O Ocidente, liderado por Washington, afirma que o caminho para o reconhecimento formal dos taliban está em grande parte bloqueado até que o grupo inverta o rumo que tomou em matéria de direitos das mulheres. No entanto, os taliban dizem que respeitam os direitos das mulheres, de acordo com a sua interpretação da lei islâmica e dos costumes locais, e que esta questão faz parte dos assuntos internos que devem ser tratados a nível local.
Das sanções para as infracções fazem parte "conselhos, avisos de punição divina, ameaças verbais, confisco de bens, detenção de uma hora a três dias em cadeias públicas e qualquer outra punição considerada apropriada", acrescentou o ministério.
Se tais medidas não conseguirem corrigir o comportamento de um indivíduo, este será levado a tribunal. "Muitas destas regras já estavam em vigor, mas de maneira menos formal, e agora estão a ser formalizadas. Penso que isto é um sinal daquilo a que temos vindo a assistir nos últimos três anos, que é uma escalada constante e gradual da repressão", disse Heather Barr, directora da divisão de Direitos das Mulheres da Human Rights Watch.
As leis também instruem os condutores de veículos a não transportarem mulheres sem um tutor masculino e exigem que os meios de comunicação social respeitem a lei da sharia, proibindo a publicação de imagens que contenham seres vivos.

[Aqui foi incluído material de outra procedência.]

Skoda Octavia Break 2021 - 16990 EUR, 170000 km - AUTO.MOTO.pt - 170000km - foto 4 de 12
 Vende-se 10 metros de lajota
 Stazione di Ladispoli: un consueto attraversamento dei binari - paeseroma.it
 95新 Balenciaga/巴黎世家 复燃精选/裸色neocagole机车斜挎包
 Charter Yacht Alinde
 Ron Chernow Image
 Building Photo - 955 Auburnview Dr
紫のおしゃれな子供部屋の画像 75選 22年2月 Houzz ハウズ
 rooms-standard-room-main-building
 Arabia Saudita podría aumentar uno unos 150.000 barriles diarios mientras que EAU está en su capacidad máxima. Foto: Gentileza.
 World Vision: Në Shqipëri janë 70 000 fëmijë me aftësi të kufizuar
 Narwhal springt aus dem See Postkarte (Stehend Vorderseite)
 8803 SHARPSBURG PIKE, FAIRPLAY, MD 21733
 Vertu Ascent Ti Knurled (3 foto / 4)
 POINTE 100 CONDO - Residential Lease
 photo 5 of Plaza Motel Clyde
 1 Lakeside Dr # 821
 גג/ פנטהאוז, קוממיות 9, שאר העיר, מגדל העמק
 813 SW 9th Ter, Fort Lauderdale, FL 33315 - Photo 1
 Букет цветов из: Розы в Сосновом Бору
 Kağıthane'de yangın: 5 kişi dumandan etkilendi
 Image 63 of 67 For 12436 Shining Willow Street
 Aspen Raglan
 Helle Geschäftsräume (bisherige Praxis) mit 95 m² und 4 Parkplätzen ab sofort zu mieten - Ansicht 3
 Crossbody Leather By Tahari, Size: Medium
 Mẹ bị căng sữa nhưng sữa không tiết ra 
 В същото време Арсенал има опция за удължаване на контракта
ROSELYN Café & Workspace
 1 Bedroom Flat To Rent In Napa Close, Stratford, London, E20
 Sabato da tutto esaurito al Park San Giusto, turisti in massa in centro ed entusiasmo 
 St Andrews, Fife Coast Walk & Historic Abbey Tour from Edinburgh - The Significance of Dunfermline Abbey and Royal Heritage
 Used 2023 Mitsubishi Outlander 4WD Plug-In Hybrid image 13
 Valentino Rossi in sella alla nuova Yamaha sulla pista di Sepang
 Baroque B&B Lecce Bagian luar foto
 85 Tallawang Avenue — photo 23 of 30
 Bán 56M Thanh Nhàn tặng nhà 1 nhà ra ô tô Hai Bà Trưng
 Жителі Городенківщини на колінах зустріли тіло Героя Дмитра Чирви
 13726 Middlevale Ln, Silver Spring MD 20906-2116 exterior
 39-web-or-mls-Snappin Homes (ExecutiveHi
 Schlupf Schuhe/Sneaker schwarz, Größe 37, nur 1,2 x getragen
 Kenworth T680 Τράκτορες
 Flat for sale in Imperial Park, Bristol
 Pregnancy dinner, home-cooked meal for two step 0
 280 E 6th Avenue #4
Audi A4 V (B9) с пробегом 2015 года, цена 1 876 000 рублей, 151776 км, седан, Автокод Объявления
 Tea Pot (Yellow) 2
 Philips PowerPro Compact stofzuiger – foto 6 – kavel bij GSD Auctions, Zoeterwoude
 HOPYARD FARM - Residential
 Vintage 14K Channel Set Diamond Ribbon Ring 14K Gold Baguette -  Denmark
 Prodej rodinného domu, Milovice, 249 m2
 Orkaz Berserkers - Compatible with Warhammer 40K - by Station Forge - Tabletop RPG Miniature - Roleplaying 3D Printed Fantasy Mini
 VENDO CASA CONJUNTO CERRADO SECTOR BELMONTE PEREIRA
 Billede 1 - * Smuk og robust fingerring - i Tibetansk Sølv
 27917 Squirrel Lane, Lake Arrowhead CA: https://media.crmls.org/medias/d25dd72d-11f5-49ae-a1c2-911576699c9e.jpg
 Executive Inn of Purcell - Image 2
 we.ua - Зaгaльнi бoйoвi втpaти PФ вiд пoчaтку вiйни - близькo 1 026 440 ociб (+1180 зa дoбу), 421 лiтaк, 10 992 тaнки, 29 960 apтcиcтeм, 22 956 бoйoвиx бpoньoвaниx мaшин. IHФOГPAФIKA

Os funcionários do Ministério da Moralidade têm vindo a monitorizar os afegãos em todo o país por alegados delitos. O ministério disse esta semana que no ano passado tinha detido mais de 13 mil pessoas, embora não tenha discriminado o género dos detidos. Cerca de metade das detenções foram efectuadas durante 24 horas.
Os taliban suspenderam a anterior constituição do Afeganistão quando assumiram o poder em 2021, com a retirada das forças estrangeiras, e afirmaram que iriam governar o país de acordo com a lei islâmica. De acordo com o Ministério da Justiça, as leis de moralidade divulgadas esta semana foram o sétimo conjunto de leis codificadas, com outras relacionadas com a propriedade, os serviços financeiros e a prevenção da mendicidade.